「よくなかった」ブレードランナー 2049 古泉智浩さんの映画レビュー(感想・評価)
よくなかった
レプリカントが老化したり妊娠する機能を備えていたとは、後付けとは言え労働力として製造されていたことを考えると受け入れがたい。前作のレプリカントは4年の寿命があるからこそ、それに争うために命の炎をバチバチと火花を立てて燃やしていたと思う。デッカードがレプリカントであったとしても自分は人間であると認識しているからこそモチベーションを維持していたと思うのだが、今作のKはレプリカントとして生活して働いて食ってバッチャールな嫁を愛していた。果たして成立するだろうか。虚しくならないだろうか。人間性を無視しているように感じる。
何よりムカついたのは、デッカードが仕組まれてレイチェルを好きになると言っていたことだ。

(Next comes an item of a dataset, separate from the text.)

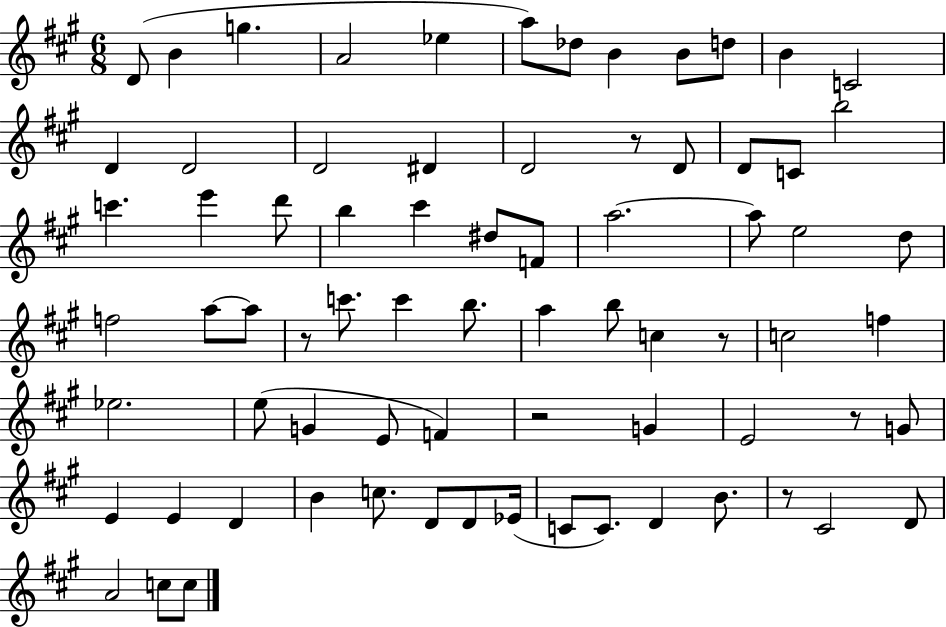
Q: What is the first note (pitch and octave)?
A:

それは事実かどうかは不明だが、事実だとしたら意図が不明だ。そんな遠回りして成立するかどうか分からない恋愛を仕込む必要があるか? 事実でないとしたら、なんのためにそんな発言をしたのか不明。動揺させたかったのか? だとしたらそれも何のためか意味が分からない。デッカードとレイチェルの出会いは、デッカードは自分が冴えないどん詰まり人生を送る人間として美女に魅了され、レイチェルは自分が人間かどうか不安に苛まれる存在としてデッカードに魅了された、そんなお互いの不安や不満を埋めあわせるかのように惹かれ合った美しいものを、非常に安易に冒涜していると思って腹がたった。
後付けでなんでもいじっていいかと思ったら大間違いだと強く言いたい。ひどいと思う。見ている者を煙に巻けばいいと思っているような二転三転するストーリーも別に大して腑に落ちなくてイライラする。

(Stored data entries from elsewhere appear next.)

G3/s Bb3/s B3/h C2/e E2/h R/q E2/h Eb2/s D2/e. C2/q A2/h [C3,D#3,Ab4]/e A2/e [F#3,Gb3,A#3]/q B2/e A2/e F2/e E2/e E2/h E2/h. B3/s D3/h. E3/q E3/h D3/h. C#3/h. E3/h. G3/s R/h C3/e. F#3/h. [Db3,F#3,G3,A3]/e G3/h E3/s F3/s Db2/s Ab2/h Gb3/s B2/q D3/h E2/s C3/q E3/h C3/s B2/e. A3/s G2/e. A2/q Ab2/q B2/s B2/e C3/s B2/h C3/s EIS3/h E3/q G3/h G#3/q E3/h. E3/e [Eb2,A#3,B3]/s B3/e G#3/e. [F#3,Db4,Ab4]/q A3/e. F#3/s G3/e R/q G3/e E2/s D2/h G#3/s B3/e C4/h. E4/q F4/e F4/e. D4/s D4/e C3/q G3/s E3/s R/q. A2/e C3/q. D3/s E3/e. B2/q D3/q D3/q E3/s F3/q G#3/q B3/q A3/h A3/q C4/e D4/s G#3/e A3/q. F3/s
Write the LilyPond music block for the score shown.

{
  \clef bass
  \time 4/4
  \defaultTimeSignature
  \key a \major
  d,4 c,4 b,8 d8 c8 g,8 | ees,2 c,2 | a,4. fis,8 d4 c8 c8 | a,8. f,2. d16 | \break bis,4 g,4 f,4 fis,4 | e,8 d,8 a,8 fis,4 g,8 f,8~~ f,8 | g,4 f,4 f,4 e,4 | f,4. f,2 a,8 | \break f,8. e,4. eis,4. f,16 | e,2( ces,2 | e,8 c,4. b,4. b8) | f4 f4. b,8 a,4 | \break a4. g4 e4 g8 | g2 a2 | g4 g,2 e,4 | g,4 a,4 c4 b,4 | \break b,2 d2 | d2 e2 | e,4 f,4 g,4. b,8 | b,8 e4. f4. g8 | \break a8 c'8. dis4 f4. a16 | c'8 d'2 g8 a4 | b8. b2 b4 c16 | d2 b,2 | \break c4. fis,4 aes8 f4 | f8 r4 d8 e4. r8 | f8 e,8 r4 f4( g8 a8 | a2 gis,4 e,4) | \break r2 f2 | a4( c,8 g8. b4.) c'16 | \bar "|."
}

ポリススピナーの危ういゆっくり移動する感じがなく、ビュンビュン自由自在に飛んでミサイルまで撃つ高機能戦闘機になっていたのも、違うと感じた。ドローンを搭載しているのも時流におもねり過ぎている感じがする。
バーチャルな嫁はすごくよかった。あんな嫁欲しい。
1回見に行って1時間くらいで寝てしまったため出て、2回目はしっかりコンディションを整えて見に行ったにも関わらずけっこうウトウトした。眠くさせて出来の悪さを誤魔化そうとしてるのではないか。